- Date: 2 March – 3 May 1989
- Location: West Indies
- Result: West Indies won the 4-match Test series 3–0 West Indies won the 5-match ODI series 5–0

Teams
- West Indies: India

Captains
- Viv Richards: Dilip Vengsarkar

Most runs
- Richie Richardson (619) Desmond Haynes (280) Gordon Greenidge (243): Sanjay Manjrekar (200) Navjot Sidhu (179) Ravi Shastri (170)

Most wickets
- Malcolm Marshall (19) Courtney Walsh (18) Ian Bishop (16): Kapil Dev (18) Arshad Ayub (14) Chetan Sharma (8)
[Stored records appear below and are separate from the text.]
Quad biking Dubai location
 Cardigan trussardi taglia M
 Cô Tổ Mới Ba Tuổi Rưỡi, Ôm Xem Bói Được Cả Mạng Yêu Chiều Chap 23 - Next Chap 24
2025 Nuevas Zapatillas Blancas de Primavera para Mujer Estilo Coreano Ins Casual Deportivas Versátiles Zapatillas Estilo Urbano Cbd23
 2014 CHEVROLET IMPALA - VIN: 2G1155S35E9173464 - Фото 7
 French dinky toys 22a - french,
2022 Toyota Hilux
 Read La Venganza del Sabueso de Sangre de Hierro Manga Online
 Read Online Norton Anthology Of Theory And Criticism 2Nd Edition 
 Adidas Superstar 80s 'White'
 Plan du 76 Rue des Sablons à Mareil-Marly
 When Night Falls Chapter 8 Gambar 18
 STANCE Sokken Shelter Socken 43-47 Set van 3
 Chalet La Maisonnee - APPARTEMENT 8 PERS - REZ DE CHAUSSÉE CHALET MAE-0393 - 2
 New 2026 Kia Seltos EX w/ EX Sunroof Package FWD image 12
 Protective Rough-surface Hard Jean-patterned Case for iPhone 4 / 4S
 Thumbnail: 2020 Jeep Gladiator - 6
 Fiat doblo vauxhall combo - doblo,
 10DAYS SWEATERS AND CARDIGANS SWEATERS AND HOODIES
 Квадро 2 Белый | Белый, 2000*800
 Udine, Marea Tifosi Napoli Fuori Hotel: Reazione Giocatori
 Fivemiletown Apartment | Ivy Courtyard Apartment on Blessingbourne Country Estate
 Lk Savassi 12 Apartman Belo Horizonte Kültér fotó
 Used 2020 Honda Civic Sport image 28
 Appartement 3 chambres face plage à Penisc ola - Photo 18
= Indian cricket team in the West Indies in 1988–89 =

International cricket tour

The India national cricket team toured the West Indies during the 1988–89 cricket season. India played four Test matches and five One Day International matches between 2 March and 3 May 1989, against the West Indian cricket team, with the West Indies winning the Test series 3–0 and ODI series 5–0.

== Background ==
The Indian squad for left for the West Indies on 26 February 1989. The side entered Caribbean on the back of a decent record barring the 1961–62 tour when they lost the series 5–0. In the 24 Tests played until then, India had won 2, lost 10 and drawn 12.

== First-class matches ==
=== Three-day: West Indies Under-23s v Indians ===

The India team entered the game on the back of a 3–0 ODI series loss against the West Indies senior team, which ended on 11 March. Players who featured in the said matches and the first-class match against West Indies Board President's XI — Dilip Vengsarkar, Kapil Dev, Mohammad Azharuddin, Kiran More — and two others, Ravi Shastri and Chetan Sharma, were rested. The side was captained by Krishnamachari Srikkanth. The West Indies Under-23s included Kenny Benjamin, who played for the senior team. Carl Hooper, another regular in both teams, was rested for the game. The Under-23s side was captained by Brian Lara, then 19. Batting first after winning the toss, the Indians declared after making 411/6. Navjot Singh Sidhu and Sanjay Manjrekar put on 171 runs for the third wicket with both scoring centuries. The West Indies Under-23s were all out at 405, with Lara top-scoring for the side with 182, coming off 237 balls. His century came in 177 balls and included 12 fours. For the Indians, Narendra Hirwani (5/150) returned with best figures.

==ODIs==

The West Indies won the Cable and Wireless ODI Series 5–0.